One of the more interesting recent Tesla Model 3 competitors is the Polestar 2, made in China by Geely as Volvo’s electric sibling marque. We’ve already gotten a look at the handsome beefy-sedan design of the Polestar 2 and generally know its specs, but now, finally, we’ve been shown that it has fun, animated taillights. This is important taillight news.
UK-based auto journo Steve Fowler seems to have gotten his hands on a Polestar 2, and tweeted out this little video of the animated dance the taillights do, presumably when the car is remotely locked or unlocked:
The illuminated dance begins with the amber indicator lights flashing from their clear-lensed niches nestled inside the square-bracket-shaped taillight ends, and then the whole distilled-to-the-essence bull horn shape is illuminated red, beginning in the middle and spreading out in both directions simultaneously.
Once fully illuminated, the indicators flash again, and the red depletes from the lamps, working backwards from the edges to the center.
If modern taillights are going to be composed of matrices of individual LEDs, why wouldn’t a carmaker seek to add a bit of animated fun like this?

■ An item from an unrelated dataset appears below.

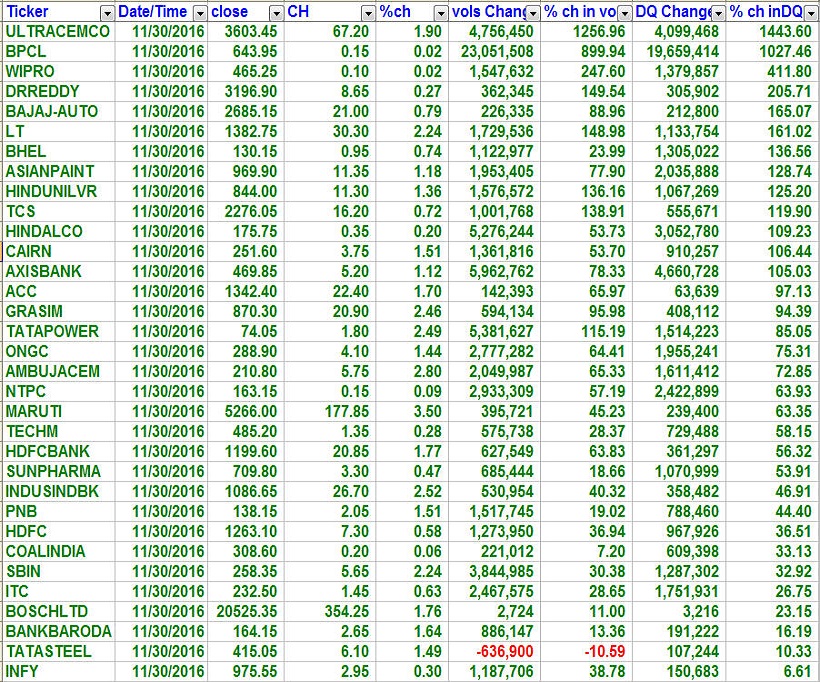 delivery-volume-nifty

I’m very pro-animated taillights, whether its sequential turn signals or displays like this. It’s just fun, and it’s a hell of a lot easier than it was back in the day when Thunderbirds had complicated and clever electromechanical setups to get effects like this:
Ford was a real pioneer here, using an actual motor that had a set of three cams per side that physically made contact to close switches to send the 12V of electricity to the inboard, center, and outboard lamps in order. It was kind of like a complicated little music box.
See? It’s always been fun. Glad to see some carmakers still remember that. I’m sure there’s plenty more to be seen on the Polestar 2, but for now I’m glad to see the importance of compelling taillights hasn’t been ignored.